Parallelize Your Command-line Replica with GTID-aware mariadb-binlog (part 2)

Enhancing the throughput for replicating database transactions is a key concern for a MariaDB replica, as the number of transactions to replicate often arrive in large batches. One of the most significant opportunities for enhancing this performance is the ability to execute different transactions in parallel. Where the MariaDB server has featured parallelization with data-stream granularity since version Community Server version 10.0.5, command-line event replay via piping the mariadb-binlog client’s output to the mariadb client was not possible until version 10.9.1.

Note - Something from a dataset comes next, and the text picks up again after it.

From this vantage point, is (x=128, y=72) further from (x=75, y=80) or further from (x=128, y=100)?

This blog post showcases how to parallelize replication event replay on the command-line using the domain id of a Global Transaction IDentifier (GTID). Specifically, we leverage the new GTID filtering features added to the mariadb-binlog client in MariaDB Community Server 10.9.1 (MDEV-20119) to extend the command-line replica introduced in the previous blog post to parallelize event replay at the data-stream level. To recap the previous post, we highlighted three new options to mariadb-binlog introduced in MariaDB Community Server 10.8.1, –start-position, –stop-position, and –strict-mode, to build a serial, asynchronous command-line replication client (learn more about these options in our knowledgebase). In addition, it provided a background of GTIDs and summarized the following three main benefits of their usage:

Using GTIDs to represent replication state allows for explicit crash safety and easy server topology changes.
Replay consistency can be validated by ensuring that sequence numbers are monotonically increasing within a given domain.
Event execution can be parallelized at the domain-level, as independent data streams can be tagged with different domain ids.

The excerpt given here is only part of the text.